İran’da helikopterin bir kaza sonucu mu düştüğü yoksa bir suikast mı olduğu sorusu kafaları karıştıran en büyük soru işareti.

Bu soru işareti İran’da uzunca bir süre gündemi meşgul edecek.

Nasıl etmesin?

Helikopterin düşmesiyle ilgili bir çok karanlık nokta var.

Türkiye’de Muhsin Yazıcıoğlu’nun içinde olduğu helikopterin düşmesi gibi.

Aradan onca yıl geçmesine rağmen Türkiye’de hâlâ bu konu tartışılmıyor mu?

Kuşkular geçti mi?

Bu tarz olayların zihinlerden kolayca silinip gitmesi çok zor!

Reisi’nin ölümünü de İran halkı uzunca bir süre unutmayacak, sorgulayacak.

Bir taraftan Reisi’nin neden 1960’lardan kalma bir helikopterle uçurulduğunu sorgulayacak.

Diğer taraftan helikopterde neden bir ELT cihazının olmadığını sorgulayacak.

Neden İran Cumhurbaşkanlığı envanterinde olan bir helikopterle değil de Kızılay envanterinde olan bir helikoptere bindirildiğini soracak İran halkı.

Akıl almaz ihmaller!

Aynı helikoptere neden hem Cumhurbaşkanı, hem Dışişleri, hem bölge valisi hem de Tebriz Cuma İmamı bindirilir?

Üç helikopterden ikisi rota değiştirip geri gelirken neden Reisi’yi taşıyan helikopter rota değiştirmez?

Kafaları karıştıracak bir çok soru var.

Aynı kazada hayatını kaybeden Reisi ve Abdullahiyan’ı buluşturan ortak noktalardan bir tanesi her ikisinin de ABD’nin 2020’de Bağdat’ta öldürdüğü Kasım Süleymani’ye yakın olmalarıydı.

Başta başkent Tahran olmak üzere İran’ın bir çok şehrinde Kâsım Süleymânî’nin İbrahim Reisî’yi alnından öperken çekilmiş fotoğraflarının bulunduğu dev posterlerle donatılmasının sebebi de bu yakınlık.

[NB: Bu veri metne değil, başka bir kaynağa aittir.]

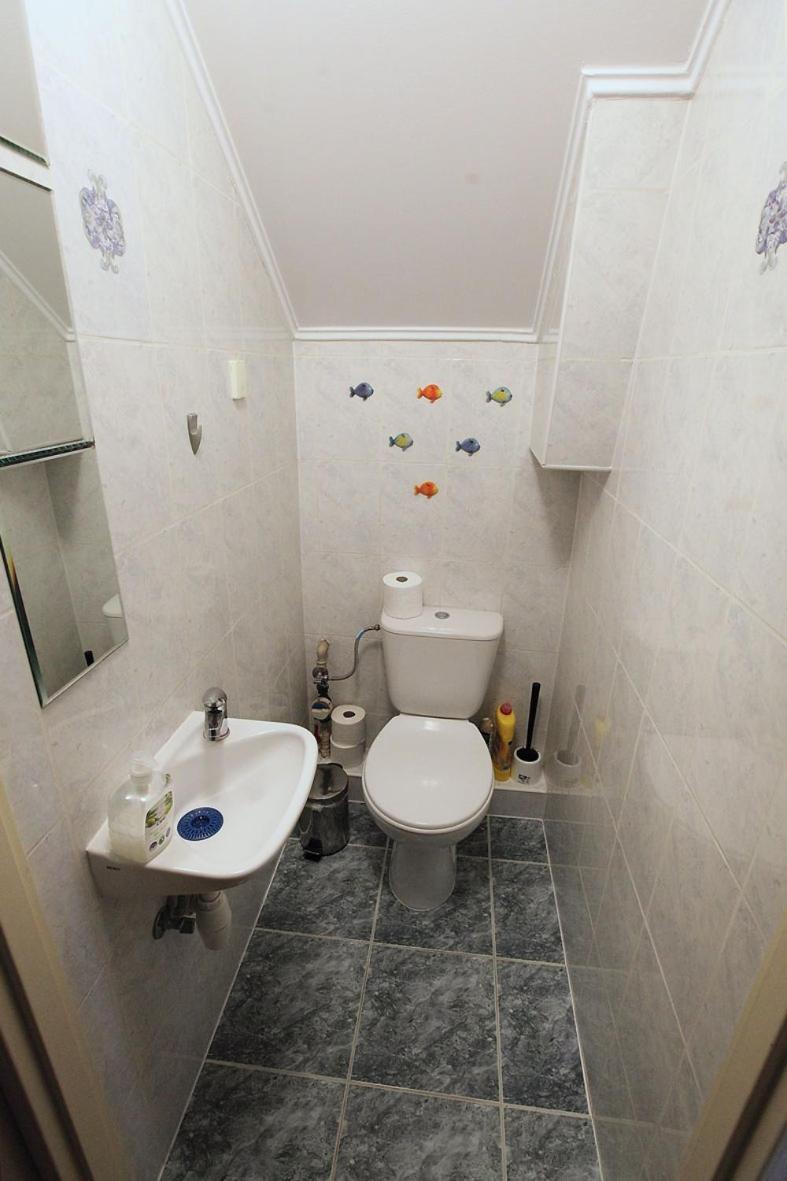 Large And Modern With Free Parking Spot Apartment Krakow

Bugün her ikisi de hayatta değil.

Reisi, İran İslam Devrimi yıllarında savcıydı.

Muhaliflerin yargılanıp cezalandırıldığı 5 kişilik heyetten birisiydi.

Reformcuların sevmediği birisiydi.

Kaza, ihmal, suikast…

Öyle ya da böyle İran’da bir kuşak yok oluyor.

Arkalarında yıllarca tartışılacak bir çok soru işareti bırakarak…

Bir de saatlerce Cumhurbaşkanını bulamamanın verdiği bir mahcubiyet var tabi.

Süpersonik füzelerin, nükleer silahların da olsa…

Günün sonunda devletin en tepesindeki Cumhurbaşkanının cesedini başka ülkenin Akıncı İHA’sı buluyor!